◆ **Problem details**
The pictures in the listing below are to be skipped, while the lines between the line holding "Over here you" and the line holding "مثلاً البراستول هو", inclusive, are to be output exactly.

The input START

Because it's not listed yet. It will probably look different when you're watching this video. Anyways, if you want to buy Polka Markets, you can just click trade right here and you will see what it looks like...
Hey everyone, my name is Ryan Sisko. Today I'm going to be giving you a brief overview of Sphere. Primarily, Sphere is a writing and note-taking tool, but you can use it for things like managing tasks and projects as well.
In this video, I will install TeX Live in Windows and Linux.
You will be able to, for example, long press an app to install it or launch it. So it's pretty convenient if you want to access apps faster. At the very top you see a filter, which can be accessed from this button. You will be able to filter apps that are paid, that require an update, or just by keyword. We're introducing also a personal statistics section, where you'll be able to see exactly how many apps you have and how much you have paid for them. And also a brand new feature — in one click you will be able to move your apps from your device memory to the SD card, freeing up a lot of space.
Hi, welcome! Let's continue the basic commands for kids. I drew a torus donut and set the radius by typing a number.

The input END
The input START

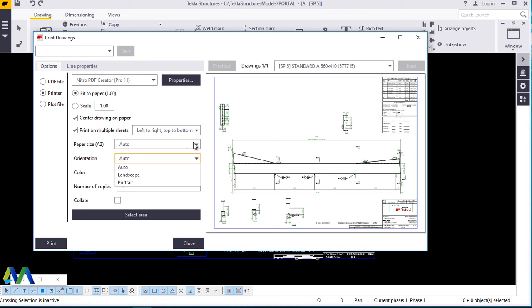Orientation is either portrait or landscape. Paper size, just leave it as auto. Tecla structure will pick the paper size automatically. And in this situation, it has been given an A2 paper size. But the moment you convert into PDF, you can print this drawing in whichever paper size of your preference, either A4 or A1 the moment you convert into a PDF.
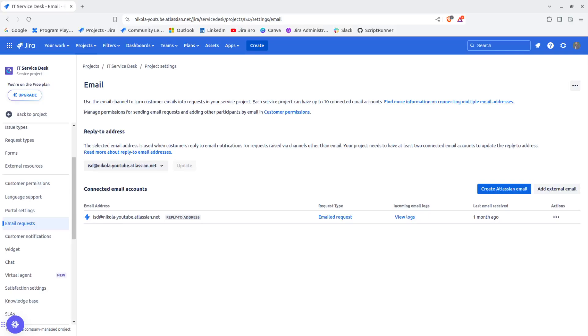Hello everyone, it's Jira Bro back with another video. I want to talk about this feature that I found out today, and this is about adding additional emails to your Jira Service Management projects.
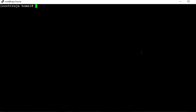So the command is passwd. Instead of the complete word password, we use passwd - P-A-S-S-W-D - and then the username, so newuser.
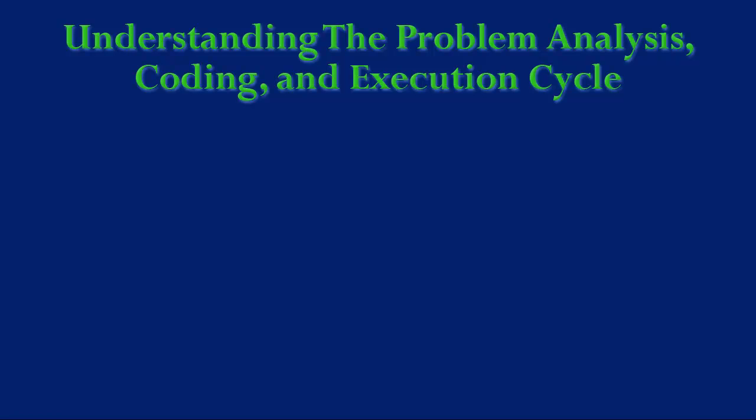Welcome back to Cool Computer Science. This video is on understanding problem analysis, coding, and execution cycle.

The input END
The input START

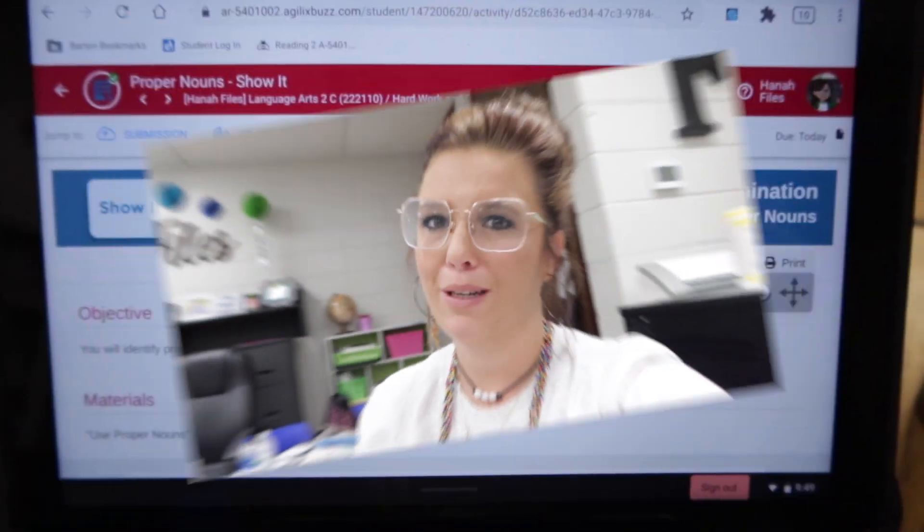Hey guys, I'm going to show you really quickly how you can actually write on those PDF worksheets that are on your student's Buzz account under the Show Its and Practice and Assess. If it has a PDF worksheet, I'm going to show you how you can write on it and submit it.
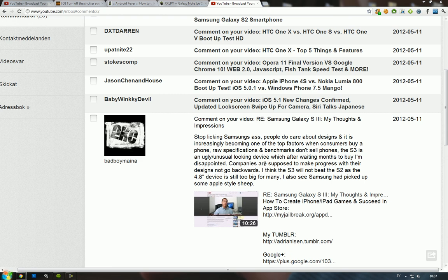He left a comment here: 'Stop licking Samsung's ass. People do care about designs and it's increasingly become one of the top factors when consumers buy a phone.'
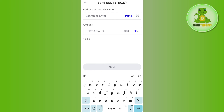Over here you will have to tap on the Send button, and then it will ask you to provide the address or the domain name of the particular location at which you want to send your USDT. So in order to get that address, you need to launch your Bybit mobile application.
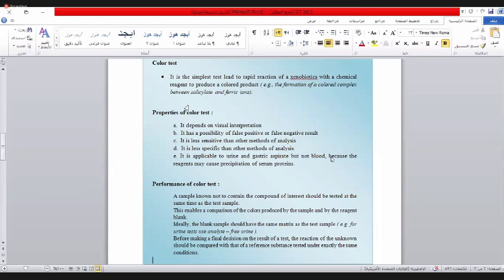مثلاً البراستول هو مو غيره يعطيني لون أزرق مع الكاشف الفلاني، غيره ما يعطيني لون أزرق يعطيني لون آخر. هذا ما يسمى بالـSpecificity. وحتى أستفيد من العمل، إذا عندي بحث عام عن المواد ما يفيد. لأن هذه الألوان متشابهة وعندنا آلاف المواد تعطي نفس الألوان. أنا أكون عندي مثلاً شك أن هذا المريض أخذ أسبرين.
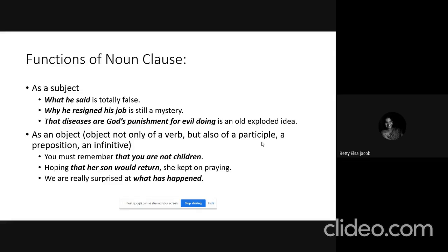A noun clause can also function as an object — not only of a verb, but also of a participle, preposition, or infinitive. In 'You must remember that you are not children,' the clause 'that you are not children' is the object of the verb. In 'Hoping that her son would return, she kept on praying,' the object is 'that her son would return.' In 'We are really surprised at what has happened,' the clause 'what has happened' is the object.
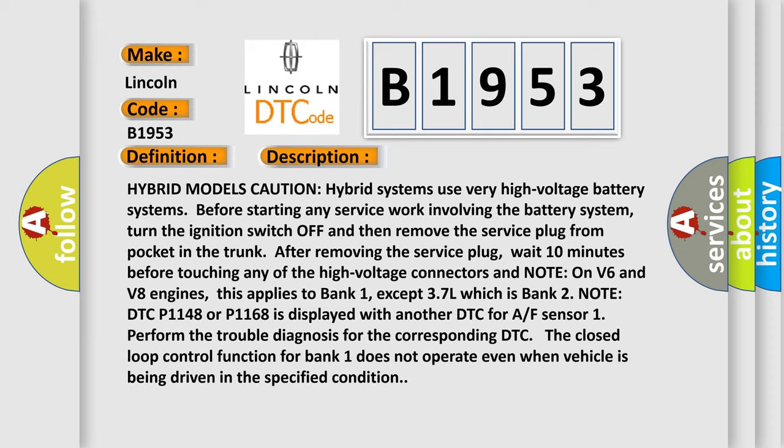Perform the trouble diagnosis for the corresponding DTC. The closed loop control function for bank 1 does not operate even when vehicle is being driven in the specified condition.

The input END

◆ **Task solution**
Over here you will have to tap on the Send button, and then it will ask you to provide the address or the domain name of the particular location at which you want to send your USDT. So in order to get that address, you need to launch your Bybit mobile application.
مثلاً البراستول هو مو غيره يعطيني لون أزرق مع الكاشف الفلاني، غيره ما يعطيني لون أزرق يعطيني لون آخر. هذا ما يسمى بالـSpecificity. وحتى أستفيد من العمل، إذا عندي بحث عام عن المواد ما يفيد. لأن هذه الألوان متشابهة وعندنا آلاف المواد تعطي نفس الألوان. أنا أكون عندي مثلاً شك أن هذا المريض أخذ أسبرين.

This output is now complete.